Two prizes are awarded annually by the University of Edinburgh for books published during the previous year - one for the best work of fiction and the other for the best biography. The winners will be announced at the Edinburgh International Book Festival in August.

The four novels competing for the fiction prize are: Harvest by Jim Crace ; Benedication by Kent Haruf ; The Flamethrowers by Rachel Kushner;  All the birds, singing by Evie Wyld.

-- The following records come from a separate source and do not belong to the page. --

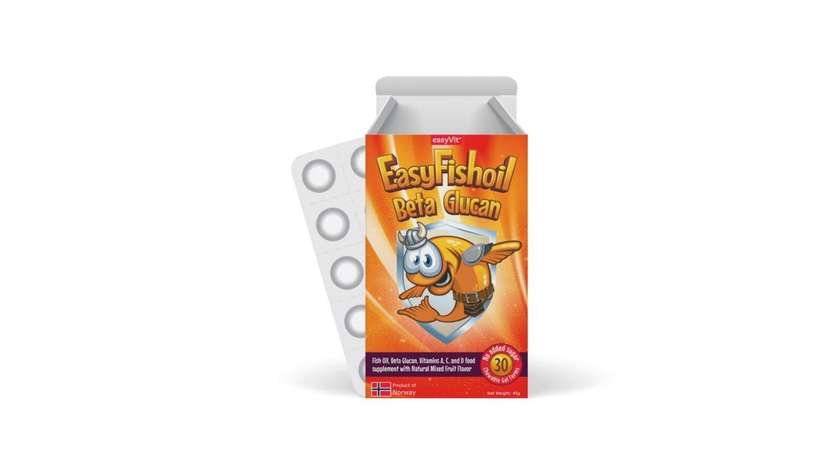 Easyfishoil Beta Glucan 30 Chewable Gel Forms .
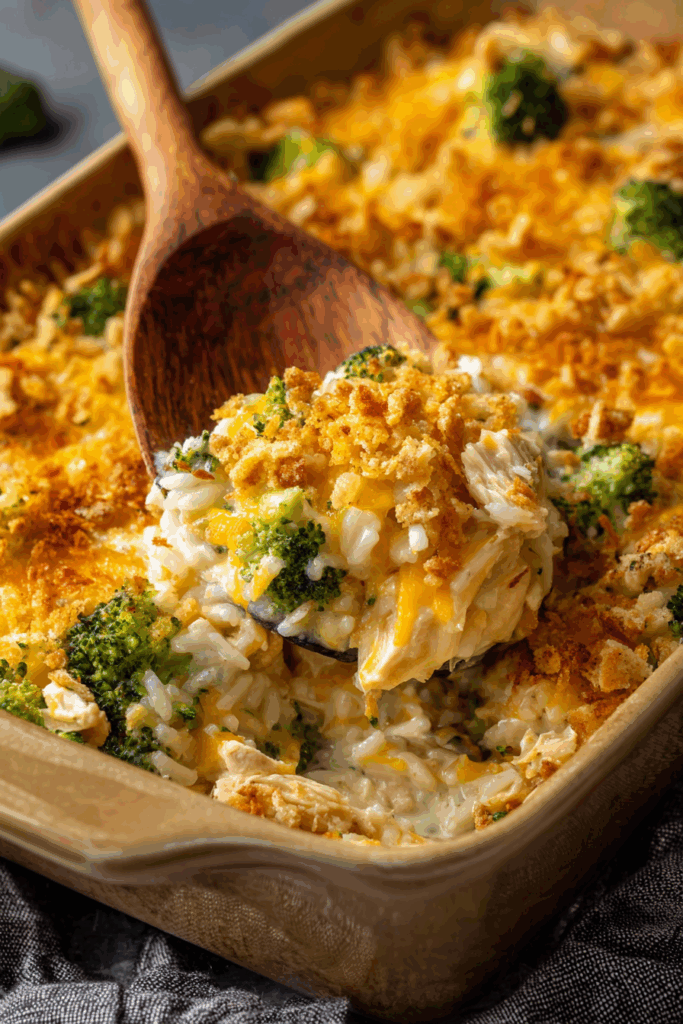 Creamy Chicken Broccoli Rice Casserole Creamy Chicken Broccoli Rice Casserole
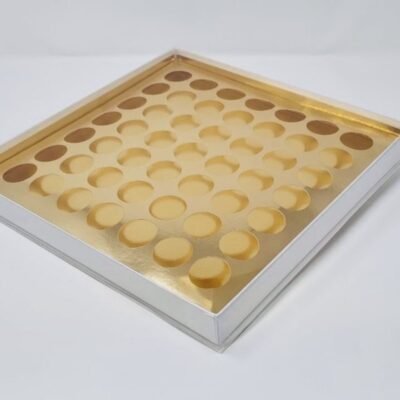 SCATOLA PER CIOCCOLATO TARTUFO 30X30 H3 cm 49 buchi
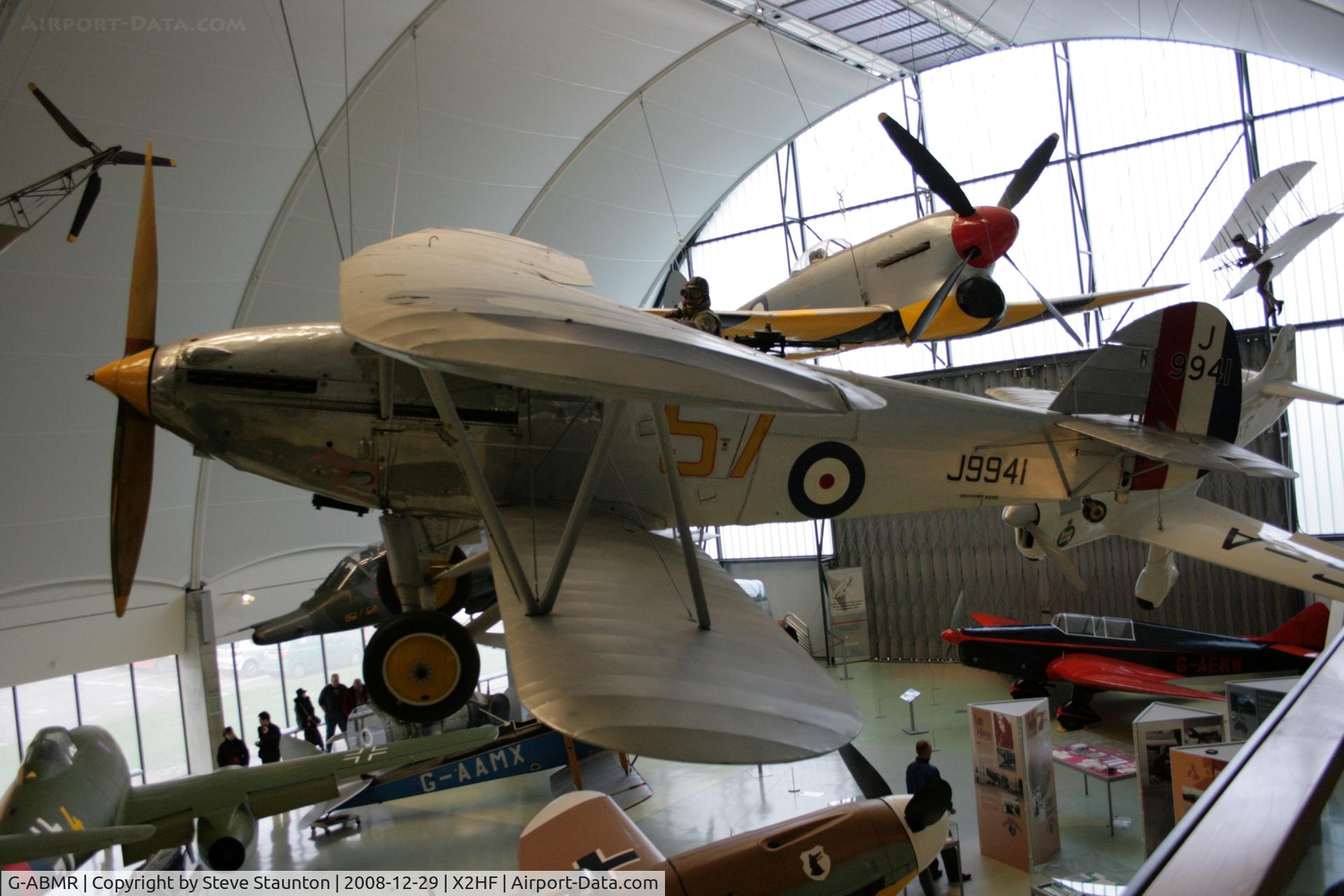 G-ABMR, 1931 Hawker Hart C/N HH1, Taken at the RAF Museum, Hendon. December 2008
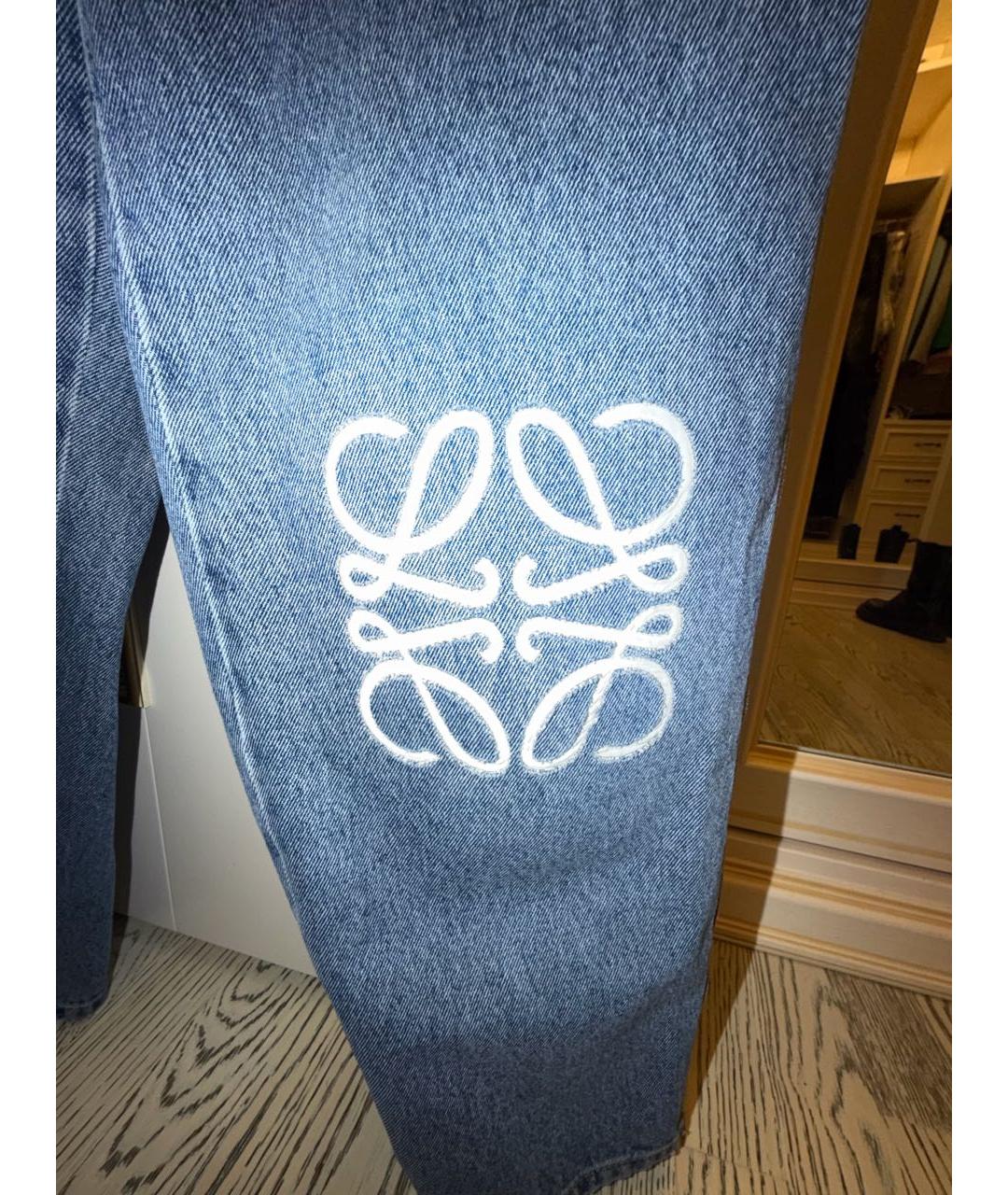 LOEWE Синие хлопковые прямые джинсы, фото 5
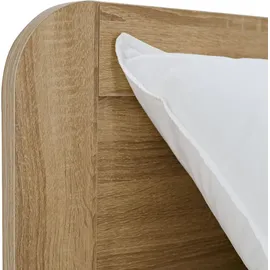 Homestyle4u Komfortbett 90x200 Bett Senioren Seniorenbett Komforthöhe Natur Holz Kiefer, cm, Schlafzimmer, Betten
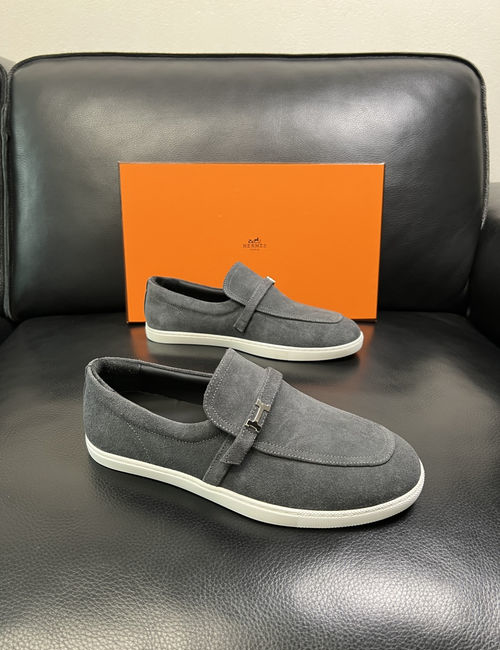 Hermes Premium Leather Casual Shoes Comfortable Sole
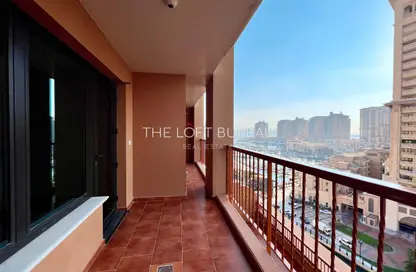 Apartment - 2 Bedrooms - 3 Bathrooms for rent in West Porto Drive - Porto Arabia - The Pearl Island - Doha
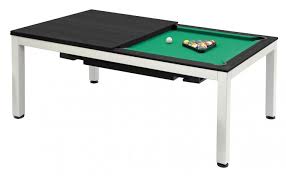 American tables are closely aligned to their english pool table counterpart in appearance, but diverge slightly on sizes. Dynamic Vancouver Pool Dining Table Dark Ebony Pool Tables Online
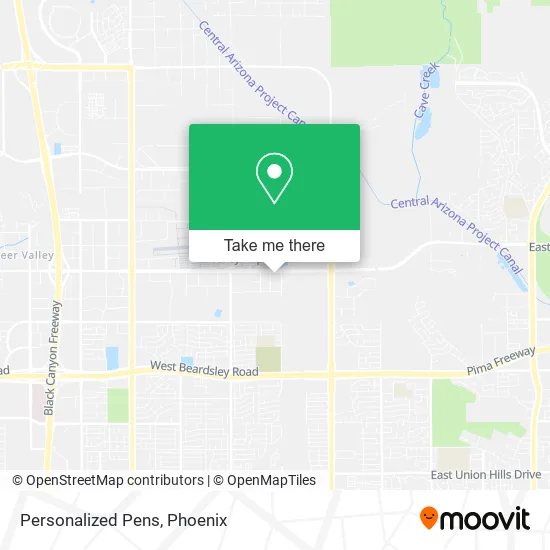 Personalized Pens map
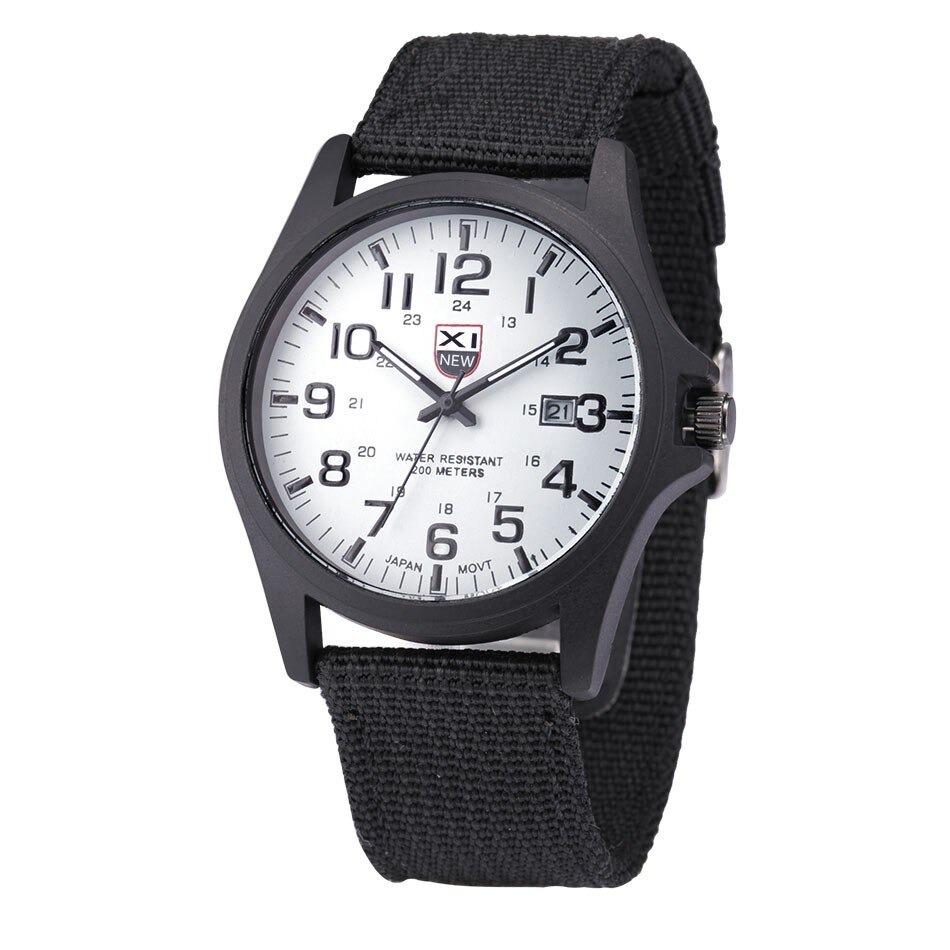 James Tactical Military Watch For Men Analog Display With Luminous Hands Durable Nylon Strap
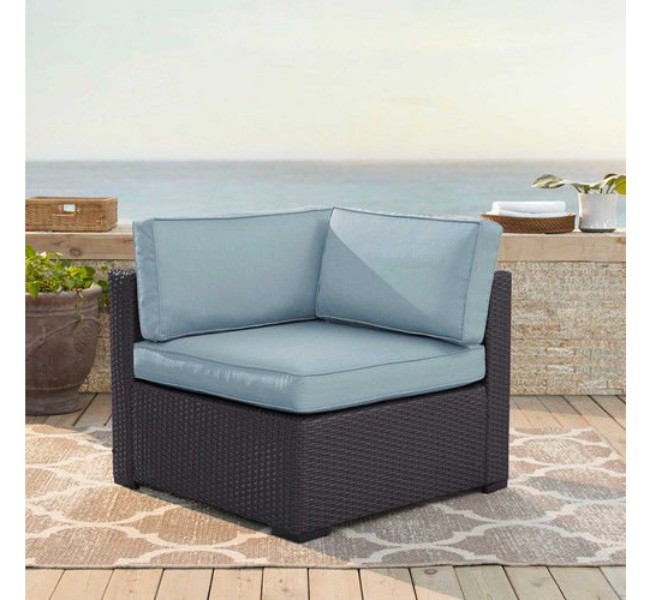 Ko70126br-mi Biscayne Corner Chair With Mist Cushions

The shortlisted works for the biography section are: The Boys in the Boat: An Epic True-Life Journey to the Heart of Hitler’s Berlin by Daniel James Brown ; Empress Dowager Cixi: The Concubine who Launched Modern China by Jung Chang ; Penelope Fitzgerald: A life by Hermione Lee; Priscilla: The Hidden Life of an Englishwoman in Wartime Franceby Nicholas Shakespeare.

The nominations have been chosen from more than 350 books worldwide by English Literature academics and 25 postgraduate students at the University.

The James Tait Black Awards, awarded annually by the University of Edinburgh’s School of Literatures, Languages and Cultures, were founded in 1919 by Janet Coats, the widow of publisher James Tait Black, to commemorate her husband’s love of good books. The prizes are the only major British book awards judged by literature scholars and students.